## Exercise brief
Provide a character-exact reproduction of the lines from the line with "Marine Layer |" to the end of the entries.

## Input for this task
..........
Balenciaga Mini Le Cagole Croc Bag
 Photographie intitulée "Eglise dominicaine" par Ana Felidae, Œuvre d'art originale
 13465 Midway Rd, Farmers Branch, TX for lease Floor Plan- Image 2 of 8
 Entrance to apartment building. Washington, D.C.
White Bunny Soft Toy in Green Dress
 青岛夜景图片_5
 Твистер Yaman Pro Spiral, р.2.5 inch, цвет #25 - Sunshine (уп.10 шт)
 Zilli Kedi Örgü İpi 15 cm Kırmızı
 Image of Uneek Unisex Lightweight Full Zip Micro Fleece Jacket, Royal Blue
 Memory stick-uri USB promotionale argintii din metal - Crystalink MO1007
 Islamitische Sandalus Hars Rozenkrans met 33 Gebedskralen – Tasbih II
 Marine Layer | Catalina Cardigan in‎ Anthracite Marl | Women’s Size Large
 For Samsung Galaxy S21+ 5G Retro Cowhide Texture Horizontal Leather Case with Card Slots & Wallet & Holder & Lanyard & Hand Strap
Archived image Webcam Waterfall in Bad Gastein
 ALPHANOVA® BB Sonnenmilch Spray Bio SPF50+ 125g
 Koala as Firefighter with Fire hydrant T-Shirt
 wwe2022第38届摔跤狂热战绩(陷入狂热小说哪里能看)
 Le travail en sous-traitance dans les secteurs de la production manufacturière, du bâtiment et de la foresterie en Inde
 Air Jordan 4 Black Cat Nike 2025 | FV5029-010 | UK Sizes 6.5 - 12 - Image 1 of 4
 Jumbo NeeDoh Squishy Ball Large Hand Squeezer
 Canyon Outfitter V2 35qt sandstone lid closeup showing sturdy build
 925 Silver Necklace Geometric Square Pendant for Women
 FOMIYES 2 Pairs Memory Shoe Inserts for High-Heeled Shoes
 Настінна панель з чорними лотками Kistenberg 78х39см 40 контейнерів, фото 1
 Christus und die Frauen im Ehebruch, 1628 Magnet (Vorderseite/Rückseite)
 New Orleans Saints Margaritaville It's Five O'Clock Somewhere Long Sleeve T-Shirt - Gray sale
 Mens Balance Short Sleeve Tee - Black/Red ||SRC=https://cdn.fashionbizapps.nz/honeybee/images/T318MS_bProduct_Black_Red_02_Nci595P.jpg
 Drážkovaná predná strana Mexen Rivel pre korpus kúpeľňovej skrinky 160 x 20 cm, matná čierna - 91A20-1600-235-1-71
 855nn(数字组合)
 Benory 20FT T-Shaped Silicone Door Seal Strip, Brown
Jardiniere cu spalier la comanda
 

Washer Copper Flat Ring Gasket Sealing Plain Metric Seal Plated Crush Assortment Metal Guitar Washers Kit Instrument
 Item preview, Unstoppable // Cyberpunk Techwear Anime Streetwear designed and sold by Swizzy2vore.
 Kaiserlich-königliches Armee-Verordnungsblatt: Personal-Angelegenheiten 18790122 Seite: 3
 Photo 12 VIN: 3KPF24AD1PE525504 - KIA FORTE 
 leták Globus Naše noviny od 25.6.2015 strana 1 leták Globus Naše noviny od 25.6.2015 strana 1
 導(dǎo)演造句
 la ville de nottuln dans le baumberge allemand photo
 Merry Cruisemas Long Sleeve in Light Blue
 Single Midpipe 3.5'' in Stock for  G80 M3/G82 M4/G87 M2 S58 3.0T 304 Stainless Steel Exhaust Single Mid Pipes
..........
## Result of this task
 Marine Layer | Catalina Cardigan in‎ Anthracite Marl | Women’s Size Large
 For Samsung Galaxy S21+ 5G Retro Cowhide Texture Horizontal Leather Case with Card Slots & Wallet & Holder & Lanyard & Hand Strap
Archived image Webcam Waterfall in Bad Gastein
 ALPHANOVA® BB Sonnenmilch Spray Bio SPF50+ 125g
 Koala as Firefighter with Fire hydrant T-Shirt
 wwe2022第38届摔跤狂热战绩(陷入狂热小说哪里能看)
 Le travail en sous-traitance dans les secteurs de la production manufacturière, du bâtiment et de la foresterie en Inde
 Air Jordan 4 Black Cat Nike 2025 | FV5029-010 | UK Sizes 6.5 - 12 - Image 1 of 4
 Jumbo NeeDoh Squishy Ball Large Hand Squeezer
 Canyon Outfitter V2 35qt sandstone lid closeup showing sturdy build
 925 Silver Necklace Geometric Square Pendant for Women
 FOMIYES 2 Pairs Memory Shoe Inserts for High-Heeled Shoes
 Настінна панель з чорними лотками Kistenberg 78х39см 40 контейнерів, фото 1
 Christus und die Frauen im Ehebruch, 1628 Magnet (Vorderseite/Rückseite)
 New Orleans Saints Margaritaville It's Five O'Clock Somewhere Long Sleeve T-Shirt - Gray sale
 Mens Balance Short Sleeve Tee - Black/Red ||SRC=https://cdn.fashionbizapps.nz/honeybee/images/T318MS_bProduct_Black_Red_02_Nci595P.jpg
 Drážkovaná predná strana Mexen Rivel pre korpus kúpeľňovej skrinky 160 x 20 cm, matná čierna - 91A20-1600-235-1-71
 855nn(数字组合)
 Benory 20FT T-Shaped Silicone Door Seal Strip, Brown
Jardiniere cu spalier la comanda
 

Washer Copper Flat Ring Gasket Sealing Plain Metric Seal Plated Crush Assortment Metal Guitar Washers Kit Instrument
 Item preview, Unstoppable // Cyberpunk Techwear Anime Streetwear designed and sold by Swizzy2vore.
 Kaiserlich-königliches Armee-Verordnungsblatt: Personal-Angelegenheiten 18790122 Seite: 3
 Photo 12 VIN: 3KPF24AD1PE525504 - KIA FORTE 
 leták Globus Naše noviny od 25.6.2015 strana 1 leták Globus Naše noviny od 25.6.2015 strana 1
 導(dǎo)演造句
 la ville de nottuln dans le baumberge allemand photo
 Merry Cruisemas Long Sleeve in Light Blue
 Single Midpipe 3.5'' in Stock for  G80 M3/G82 M4/G87 M2 S58 3.0T 304 Stainless Steel Exhaust Single Mid Pipes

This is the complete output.